Dudley Moore dressed as a punk

Peter Sellers and Peter Cook

In 1980, Barclays turned to Peter Sellers to advertise the benefits of its current, savings and student accounts. The adverts have the sad distinction of being the final filmed work of the Inspector Clouseau actor and former Goon (whose colleagues Harry Secombe and Spike Milligan had previously fronted Barclays radio adverts), as Sellers died shortly after the campaign was launched. With the films quickly pulled, the student campaign was reshot, starring another British comedy legend, Moore’s erstwhile partner Peter Cook.

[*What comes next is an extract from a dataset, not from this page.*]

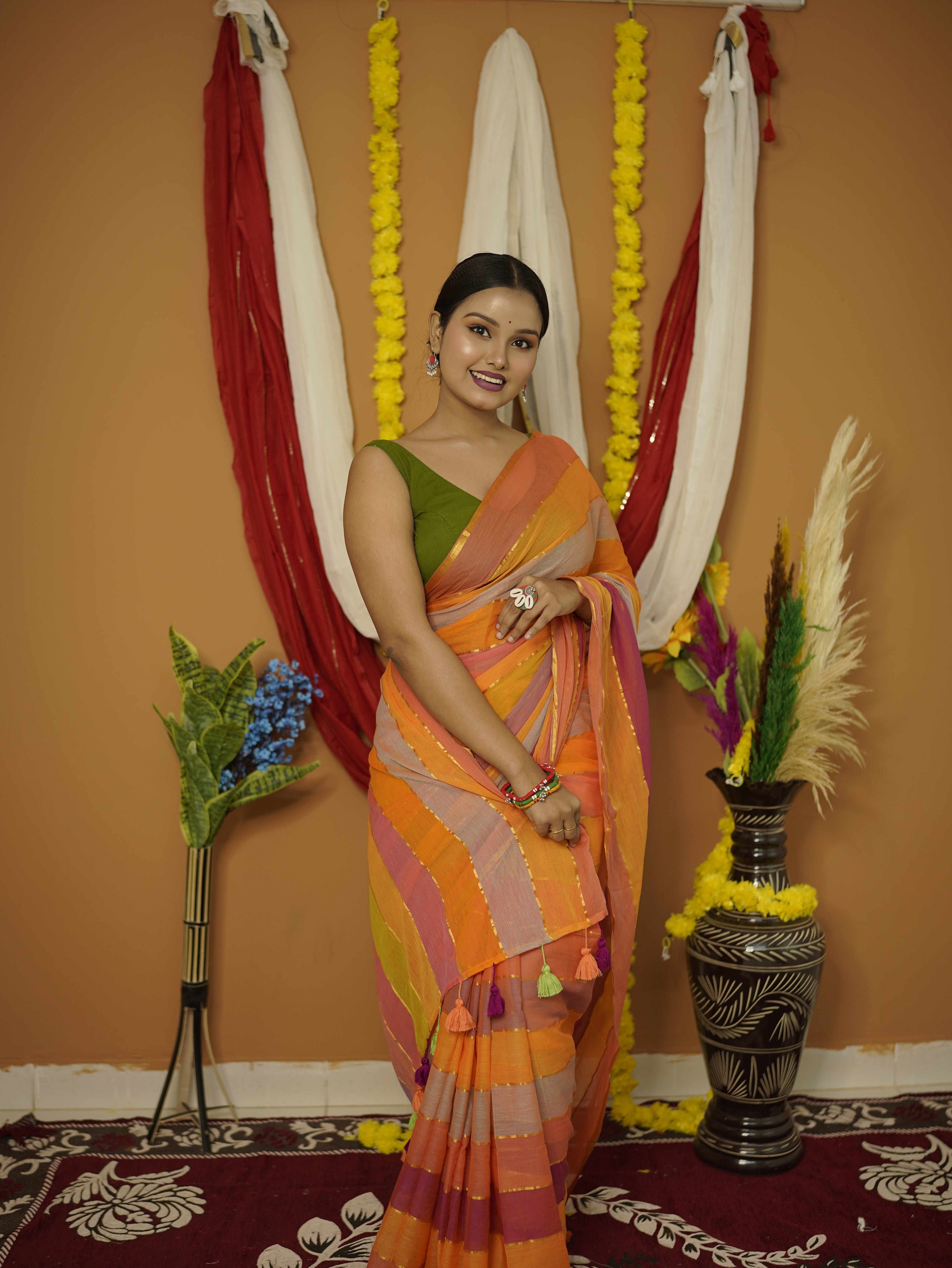Usha pure mul cotton saree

Arthur Lowe and Ian Lavender

In the much-loved sitcom Dad’s Army, actor Arthur Lowe played Captain George Mainwaring, platoon commander of the Home Guard and, in his civilian life, bank manager. Who better to play an outgoing bank manager (Mr Mainwaring) advising his replacement (Ian Lavender’s hapless character, Private Pike – now grey of hair) on the benefits to his customers of a Barclays deposit account!

Rowan Atkinson

Probably the best known and loved of all Barclaycard commercials, the long-running and award-winning series starring Rowan Atkinson as a character not a million miles away from his subsequent movie persona Johnny English, began in 1990 and ran until 1997. The Blackadder and Mr. Bean actor starred as Richard Latham, a spoof spy who was rather more shaken than stirred.

“By using humour, we’ve managed to capture the imagination of the British public,” said Barclaycard’s advertising manager at the time, and the moral of the adverts tended to be that however much Latham messed up – setting carpets on fire in Cairo, getting thrown into Spanish jails, dealing with snakebites in the Outback – his biggest mistake would be to forget that Barclaycard was “more than just a credit card”.

Jennifer Aniston and Samuel L. Jackson … and Jennifer Saunders

In the early 2000s, with the economy on the up and double-figure interest rates no longer on offer, Barclaycard’s advertising ambitions took a new turn. Although British comedy legend Jennifer Saunders starred in one campaign, the focus shifted across the Atlantic to Hollywood, with several commercials featuring one of the world’s most in-demand comic actresses, Jennifer Aniston, as well as Hollywood star Samuel L. Jackson fronting a series helmed by legendary ad-director Jonathan Glazer.

Stephen Mangan and Julian Rhind-Tutt

In 2007, Barclaycard looked to two more comic actors playing thinly-veiled versions of their sitcom characters. Laid-back smoothie Julian Rhind-Tutt, and irritating, accident-prone Stephen Mangan had perfected their roles on cult British television favourite Green Wing, and, for the campaign, travelled the world in a long-running series, getting into scrapes from which only Barclaycard could rescue them.

Advertising trailblazers

In the 1960s, although desperate to express their individuality and advertise on TV, British banks were tied by a ‘gentleman's agreement’ to only issue joint statements related to banking policy. In 1966, Barclays was able to work around the agreement by advertising Barclaycard – a subsidiary company product – in Scotland, for customers of the British Linen Bank, another Barclays subsidiary company. This ingenious work-around ushered in a golden period of advertising for the bank, which from the beginning has attracted big names from the world of British comedy and Hollywood.